You, even though you are a close family member, and the said nieces and cousins love you, and you love them, you cannot teach manners or you cannot say no to them.

You cannot tell them that while there is nothing wrong with wearing makeup, anything that may attract unwanted attention from the opposite sex should be done when you are old enough to handle things. And understand the difference between good and bad attention.  I'm not saying rapes happen because of the way women dress.  Or that you must dress modestly to stop getting male attention. (seriously, what does dressing modestly mean?)  But all I'm saying is that a 12-13 year olds are not mature enough. And they need to be taught how to handle attention and probably be taught that they need to focus their energies on studying.

And once I was privy to a conversation between my 13 year old cousins, where cousin 1 was telling cousin 2 about her friend who "smooched" her boyfriend.  Her mother was also overhearing it.  My aunt said, "I don't think she would've smooched, who would smooch her?"  Wow.  Oh, yes, the same aunt who thinks her daughter is perfect.  I was taken aback and I have replayed the conversation in my head over and over trying to accept that she might not really mean it.  But no. She meant it.

I'm not sure I should forward them this link on Stuebenville high school.  Because really, perfect girls are safe from anything criminal that could happen around them.

Are parents these days really that delusional?

Friday, October 18, 2013

Why I don't have friends.

I've been introspecting.  It is the kind of thing you do when you're alone at home, with your parents vacationing and you've to cook your own meals.  Nothing wrong about cooking own meals.
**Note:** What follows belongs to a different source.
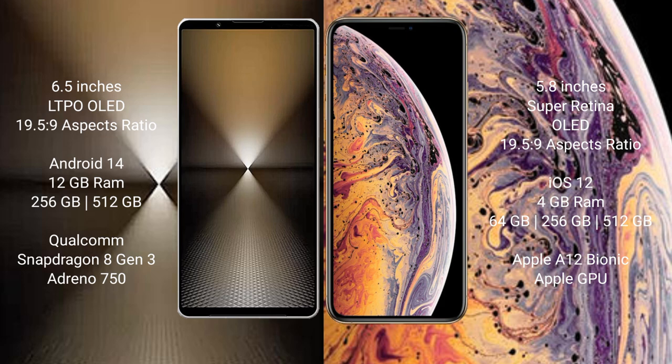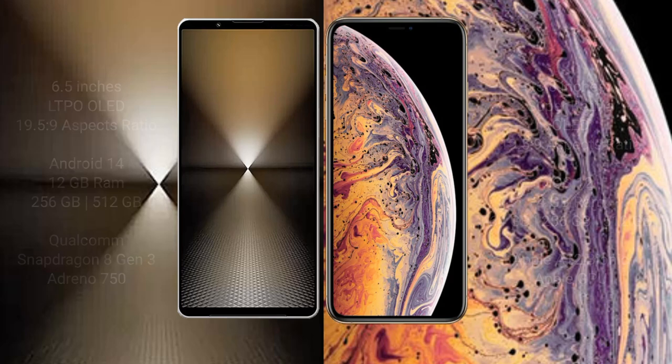Sony Xperia 1 Mark 6 comes with 12GB RAM and 512GB or 1TB internal storage, Qualcomm Snapdragon 8 Gen 3 processor, and Adreno 750 GPU. iPhone XS comes with 4GB RAM and 64GB, 256GB, or 512GB internal storage, Apple A12 Bionic processor, and Apple GPU.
I enjoy cooking.  But I don't like cooking just for myself. It is too much effort for one person.  So been having khichdi almost alternate days for meals because it is yummeh, it is easy and doesn't take a lot of effort.

And when you are alone at home, where every time you hear leaves rustle, you expect a psychotic killer waiting to kill you (yes, i love crime drama and i cannot lie) or you invariably check behind the shower curtain hoping and thanking god that there was no one standing there with a knife ready to kill you. (at this point, I already have escape routes planned and also my cry for help line ready when I lock myself into a cupboard waiting for the brilliant Ahmedabad Police to arrive to rescue me. LOLJK, I expect the FBI to save me)

Anyway, so I've been wondering why I don't have friends.

Other than the fact that most have moved out of the city.

Maybe it is because I am way too random and they don't get it why I'm saying certain things I'm saying.  All I'll say is I am a very curious being.  I like asking things and questioning stuff and I have let my imagination run wild.  So what if no one else thinks that these days Lata Mangeshkar sounds like she were a boy who has recently hit puberty and his voice just broke? Not saying I'm a great singer, but if I were here, I'd retire before I start sounding like Annu Mallik. And that is not even a compliment.  So maybe I'm too random.

I suck at small talk.  I can talk for hours otherwise.  I tend to be very chatty too.  But I don't like making a small talk.  So maybe I'm in a wrong profession where I *have* to make a small talk to "network", but I'll get there.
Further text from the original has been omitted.